Work order
Copy the records below word for word. Stop after the line that contains "Spooky Season Gnomes".

══════════════════════════════

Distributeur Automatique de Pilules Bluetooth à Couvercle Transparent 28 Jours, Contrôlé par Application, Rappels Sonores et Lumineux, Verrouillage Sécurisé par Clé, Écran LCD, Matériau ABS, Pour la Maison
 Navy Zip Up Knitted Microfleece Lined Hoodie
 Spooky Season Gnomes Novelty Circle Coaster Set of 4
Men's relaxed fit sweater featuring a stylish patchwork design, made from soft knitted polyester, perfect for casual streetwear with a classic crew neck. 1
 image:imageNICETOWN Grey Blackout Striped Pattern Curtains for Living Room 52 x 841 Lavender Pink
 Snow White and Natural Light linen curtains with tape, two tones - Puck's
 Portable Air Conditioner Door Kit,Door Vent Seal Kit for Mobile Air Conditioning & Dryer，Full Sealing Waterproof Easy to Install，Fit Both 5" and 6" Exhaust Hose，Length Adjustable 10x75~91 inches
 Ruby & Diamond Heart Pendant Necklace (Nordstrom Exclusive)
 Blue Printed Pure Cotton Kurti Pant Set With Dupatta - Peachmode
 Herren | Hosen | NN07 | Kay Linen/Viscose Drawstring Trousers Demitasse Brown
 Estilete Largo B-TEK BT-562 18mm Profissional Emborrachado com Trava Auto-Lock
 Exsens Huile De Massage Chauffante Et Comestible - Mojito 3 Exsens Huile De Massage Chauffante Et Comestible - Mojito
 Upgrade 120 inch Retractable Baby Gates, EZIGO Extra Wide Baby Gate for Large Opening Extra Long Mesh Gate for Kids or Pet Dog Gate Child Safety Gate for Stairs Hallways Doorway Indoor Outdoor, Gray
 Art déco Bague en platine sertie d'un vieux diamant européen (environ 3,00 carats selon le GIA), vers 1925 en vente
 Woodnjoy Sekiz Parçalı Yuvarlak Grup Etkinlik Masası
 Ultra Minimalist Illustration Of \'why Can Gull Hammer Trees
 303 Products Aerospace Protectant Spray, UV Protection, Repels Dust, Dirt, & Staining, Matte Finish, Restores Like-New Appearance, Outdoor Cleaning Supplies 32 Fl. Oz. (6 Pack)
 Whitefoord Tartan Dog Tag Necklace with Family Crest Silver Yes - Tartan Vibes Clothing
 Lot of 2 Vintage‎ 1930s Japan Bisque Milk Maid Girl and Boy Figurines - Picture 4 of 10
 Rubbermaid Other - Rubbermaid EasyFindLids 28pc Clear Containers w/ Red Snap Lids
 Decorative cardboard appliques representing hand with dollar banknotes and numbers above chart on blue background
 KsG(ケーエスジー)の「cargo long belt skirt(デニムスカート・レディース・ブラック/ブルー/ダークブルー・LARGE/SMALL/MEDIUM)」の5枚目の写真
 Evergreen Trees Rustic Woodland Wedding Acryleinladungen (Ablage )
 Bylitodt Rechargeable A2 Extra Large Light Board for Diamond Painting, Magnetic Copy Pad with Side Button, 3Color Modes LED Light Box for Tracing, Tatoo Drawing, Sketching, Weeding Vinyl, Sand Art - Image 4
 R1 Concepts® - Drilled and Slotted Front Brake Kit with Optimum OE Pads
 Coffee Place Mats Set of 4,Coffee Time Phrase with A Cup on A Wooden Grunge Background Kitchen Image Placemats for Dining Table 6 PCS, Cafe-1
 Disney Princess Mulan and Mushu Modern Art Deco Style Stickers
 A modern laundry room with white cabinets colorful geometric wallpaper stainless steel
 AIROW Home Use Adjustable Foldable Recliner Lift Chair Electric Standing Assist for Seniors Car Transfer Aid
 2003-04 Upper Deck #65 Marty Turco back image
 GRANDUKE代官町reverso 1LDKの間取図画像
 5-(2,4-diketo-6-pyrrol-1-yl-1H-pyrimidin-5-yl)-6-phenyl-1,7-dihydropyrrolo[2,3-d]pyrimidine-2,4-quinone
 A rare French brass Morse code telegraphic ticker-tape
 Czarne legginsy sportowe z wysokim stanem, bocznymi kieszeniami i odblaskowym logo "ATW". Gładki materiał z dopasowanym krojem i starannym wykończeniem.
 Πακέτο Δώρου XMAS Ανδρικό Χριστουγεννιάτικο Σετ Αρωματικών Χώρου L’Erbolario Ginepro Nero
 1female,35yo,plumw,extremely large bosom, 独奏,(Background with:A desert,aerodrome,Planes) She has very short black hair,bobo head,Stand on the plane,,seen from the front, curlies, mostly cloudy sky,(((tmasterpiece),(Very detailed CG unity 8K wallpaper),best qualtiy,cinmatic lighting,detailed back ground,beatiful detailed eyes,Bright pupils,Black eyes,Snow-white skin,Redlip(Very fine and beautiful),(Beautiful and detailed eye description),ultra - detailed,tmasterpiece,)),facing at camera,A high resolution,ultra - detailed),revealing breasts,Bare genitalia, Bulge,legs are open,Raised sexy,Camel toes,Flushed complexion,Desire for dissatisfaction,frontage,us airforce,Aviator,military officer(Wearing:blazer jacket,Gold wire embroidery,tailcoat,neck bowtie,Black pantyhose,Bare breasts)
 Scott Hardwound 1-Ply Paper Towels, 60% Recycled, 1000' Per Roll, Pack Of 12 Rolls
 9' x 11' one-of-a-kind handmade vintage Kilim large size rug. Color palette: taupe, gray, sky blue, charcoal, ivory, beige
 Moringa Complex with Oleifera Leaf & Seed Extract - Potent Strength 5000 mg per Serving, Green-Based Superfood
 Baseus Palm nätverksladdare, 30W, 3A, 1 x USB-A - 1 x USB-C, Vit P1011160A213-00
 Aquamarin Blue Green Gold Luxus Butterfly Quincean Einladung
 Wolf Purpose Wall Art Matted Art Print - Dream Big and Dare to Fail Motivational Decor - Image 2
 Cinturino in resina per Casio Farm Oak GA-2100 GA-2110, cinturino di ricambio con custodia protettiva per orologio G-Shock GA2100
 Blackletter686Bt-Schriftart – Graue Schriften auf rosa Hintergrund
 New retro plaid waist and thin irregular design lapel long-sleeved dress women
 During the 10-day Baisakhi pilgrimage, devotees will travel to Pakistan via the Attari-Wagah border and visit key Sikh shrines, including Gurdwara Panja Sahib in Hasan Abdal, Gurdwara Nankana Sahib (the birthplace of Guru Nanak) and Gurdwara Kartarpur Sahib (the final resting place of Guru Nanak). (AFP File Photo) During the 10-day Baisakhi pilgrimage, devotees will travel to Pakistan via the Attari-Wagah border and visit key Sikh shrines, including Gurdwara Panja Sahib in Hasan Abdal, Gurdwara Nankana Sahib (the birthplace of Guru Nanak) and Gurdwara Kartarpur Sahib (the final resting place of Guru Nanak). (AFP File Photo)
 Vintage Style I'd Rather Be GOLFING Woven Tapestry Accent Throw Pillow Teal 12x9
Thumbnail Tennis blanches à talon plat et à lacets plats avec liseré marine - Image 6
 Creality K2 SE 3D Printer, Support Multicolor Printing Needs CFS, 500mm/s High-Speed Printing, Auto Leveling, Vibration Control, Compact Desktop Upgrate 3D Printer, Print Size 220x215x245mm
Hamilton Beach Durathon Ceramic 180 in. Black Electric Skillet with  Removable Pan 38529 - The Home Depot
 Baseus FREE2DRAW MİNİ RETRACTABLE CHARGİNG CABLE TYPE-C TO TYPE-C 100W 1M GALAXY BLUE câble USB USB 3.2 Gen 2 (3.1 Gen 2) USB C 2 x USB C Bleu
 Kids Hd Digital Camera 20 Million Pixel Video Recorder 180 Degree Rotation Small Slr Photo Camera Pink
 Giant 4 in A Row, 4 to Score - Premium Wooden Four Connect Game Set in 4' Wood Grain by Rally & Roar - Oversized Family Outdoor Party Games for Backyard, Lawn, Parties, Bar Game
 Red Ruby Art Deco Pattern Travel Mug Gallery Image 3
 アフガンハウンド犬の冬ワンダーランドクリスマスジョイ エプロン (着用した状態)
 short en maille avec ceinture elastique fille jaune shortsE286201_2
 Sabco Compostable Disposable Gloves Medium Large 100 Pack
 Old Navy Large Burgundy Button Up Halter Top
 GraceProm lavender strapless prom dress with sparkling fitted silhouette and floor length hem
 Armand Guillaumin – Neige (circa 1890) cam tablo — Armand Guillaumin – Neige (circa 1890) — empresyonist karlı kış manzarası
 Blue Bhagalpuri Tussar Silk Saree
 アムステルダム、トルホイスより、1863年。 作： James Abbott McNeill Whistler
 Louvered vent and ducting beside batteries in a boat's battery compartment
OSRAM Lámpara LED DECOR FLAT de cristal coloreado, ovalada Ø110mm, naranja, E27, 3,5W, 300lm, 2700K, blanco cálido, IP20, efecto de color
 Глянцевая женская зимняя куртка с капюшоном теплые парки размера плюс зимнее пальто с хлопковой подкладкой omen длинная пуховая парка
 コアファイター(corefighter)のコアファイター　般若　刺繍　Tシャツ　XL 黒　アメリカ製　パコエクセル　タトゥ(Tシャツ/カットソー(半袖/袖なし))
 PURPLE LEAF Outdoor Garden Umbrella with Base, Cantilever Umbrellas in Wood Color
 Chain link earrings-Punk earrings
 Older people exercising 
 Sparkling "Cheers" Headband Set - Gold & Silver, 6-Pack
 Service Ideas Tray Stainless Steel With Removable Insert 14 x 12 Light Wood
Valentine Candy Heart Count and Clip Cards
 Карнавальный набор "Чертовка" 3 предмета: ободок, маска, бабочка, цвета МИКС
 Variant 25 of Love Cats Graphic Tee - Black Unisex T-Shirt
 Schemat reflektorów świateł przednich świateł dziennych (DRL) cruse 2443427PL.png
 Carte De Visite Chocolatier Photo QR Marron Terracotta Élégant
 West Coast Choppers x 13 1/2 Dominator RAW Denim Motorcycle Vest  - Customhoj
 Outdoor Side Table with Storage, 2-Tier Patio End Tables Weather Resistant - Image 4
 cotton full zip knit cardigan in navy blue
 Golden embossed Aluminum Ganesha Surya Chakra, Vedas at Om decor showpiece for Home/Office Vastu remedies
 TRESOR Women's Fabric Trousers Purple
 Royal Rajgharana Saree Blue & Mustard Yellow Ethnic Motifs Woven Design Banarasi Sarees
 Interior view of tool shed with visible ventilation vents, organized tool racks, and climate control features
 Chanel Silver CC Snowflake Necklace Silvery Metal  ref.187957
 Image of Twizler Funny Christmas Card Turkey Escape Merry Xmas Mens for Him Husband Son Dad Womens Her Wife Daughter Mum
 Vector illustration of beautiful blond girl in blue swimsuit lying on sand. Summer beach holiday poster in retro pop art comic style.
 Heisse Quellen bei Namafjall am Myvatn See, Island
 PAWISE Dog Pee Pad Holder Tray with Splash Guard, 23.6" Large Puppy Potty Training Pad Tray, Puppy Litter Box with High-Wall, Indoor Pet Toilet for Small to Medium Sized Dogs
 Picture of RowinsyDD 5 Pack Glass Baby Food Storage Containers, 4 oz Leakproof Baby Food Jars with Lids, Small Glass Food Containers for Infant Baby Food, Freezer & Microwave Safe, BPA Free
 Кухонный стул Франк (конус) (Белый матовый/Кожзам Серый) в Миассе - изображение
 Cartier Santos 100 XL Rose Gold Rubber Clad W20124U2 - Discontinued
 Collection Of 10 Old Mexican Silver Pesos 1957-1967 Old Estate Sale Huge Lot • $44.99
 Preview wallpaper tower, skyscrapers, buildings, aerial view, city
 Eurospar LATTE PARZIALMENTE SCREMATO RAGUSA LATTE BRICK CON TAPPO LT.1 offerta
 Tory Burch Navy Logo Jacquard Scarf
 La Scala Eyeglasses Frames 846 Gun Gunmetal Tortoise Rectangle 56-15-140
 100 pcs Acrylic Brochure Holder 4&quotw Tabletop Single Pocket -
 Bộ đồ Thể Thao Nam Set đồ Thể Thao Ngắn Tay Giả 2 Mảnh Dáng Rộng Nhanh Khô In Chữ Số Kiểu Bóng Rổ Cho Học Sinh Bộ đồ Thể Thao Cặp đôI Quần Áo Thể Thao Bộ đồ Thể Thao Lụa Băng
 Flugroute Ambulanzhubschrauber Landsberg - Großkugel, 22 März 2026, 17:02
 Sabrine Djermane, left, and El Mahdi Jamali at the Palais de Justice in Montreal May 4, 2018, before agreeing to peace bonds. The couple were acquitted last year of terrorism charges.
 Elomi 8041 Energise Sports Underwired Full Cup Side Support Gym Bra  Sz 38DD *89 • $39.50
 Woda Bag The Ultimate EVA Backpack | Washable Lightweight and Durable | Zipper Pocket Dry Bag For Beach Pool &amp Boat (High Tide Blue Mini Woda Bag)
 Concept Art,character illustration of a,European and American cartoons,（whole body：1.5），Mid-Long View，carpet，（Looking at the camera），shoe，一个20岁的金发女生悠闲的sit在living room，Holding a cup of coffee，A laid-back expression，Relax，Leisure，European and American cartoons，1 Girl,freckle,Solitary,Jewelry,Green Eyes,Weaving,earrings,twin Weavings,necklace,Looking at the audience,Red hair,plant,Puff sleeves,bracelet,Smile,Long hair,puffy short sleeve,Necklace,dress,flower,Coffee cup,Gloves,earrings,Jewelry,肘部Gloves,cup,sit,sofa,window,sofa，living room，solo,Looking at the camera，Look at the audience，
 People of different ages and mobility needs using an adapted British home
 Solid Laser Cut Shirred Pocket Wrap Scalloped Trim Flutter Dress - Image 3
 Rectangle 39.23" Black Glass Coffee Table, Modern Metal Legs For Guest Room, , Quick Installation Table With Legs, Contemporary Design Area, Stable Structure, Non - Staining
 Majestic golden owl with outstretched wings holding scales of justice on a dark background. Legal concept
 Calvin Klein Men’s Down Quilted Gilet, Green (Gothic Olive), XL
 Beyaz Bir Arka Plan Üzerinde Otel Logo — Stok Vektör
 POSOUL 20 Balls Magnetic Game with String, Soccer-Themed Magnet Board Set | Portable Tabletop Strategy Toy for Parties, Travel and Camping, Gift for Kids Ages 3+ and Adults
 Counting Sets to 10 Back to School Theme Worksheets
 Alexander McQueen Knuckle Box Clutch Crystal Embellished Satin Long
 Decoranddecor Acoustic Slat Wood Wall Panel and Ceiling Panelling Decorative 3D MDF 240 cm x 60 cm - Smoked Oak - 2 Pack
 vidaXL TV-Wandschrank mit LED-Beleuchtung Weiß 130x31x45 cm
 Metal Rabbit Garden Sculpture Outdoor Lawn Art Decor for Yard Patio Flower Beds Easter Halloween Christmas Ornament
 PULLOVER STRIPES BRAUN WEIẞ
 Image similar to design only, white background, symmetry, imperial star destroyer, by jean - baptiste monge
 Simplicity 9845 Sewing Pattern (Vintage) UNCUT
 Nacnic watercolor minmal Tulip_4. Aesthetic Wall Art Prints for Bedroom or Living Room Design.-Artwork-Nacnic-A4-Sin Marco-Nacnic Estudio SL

══════════════════════════════

Reply to the task
Distributeur Automatique de Pilules Bluetooth à Couvercle Transparent 28 Jours, Contrôlé par Application, Rappels Sonores et Lumineux, Verrouillage Sécurisé par Clé, Écran LCD, Matériau ABS, Pour la Maison
 Navy Zip Up Knitted Microfleece Lined Hoodie
 Spooky Season Gnomes Novelty Circle Coaster Set of 4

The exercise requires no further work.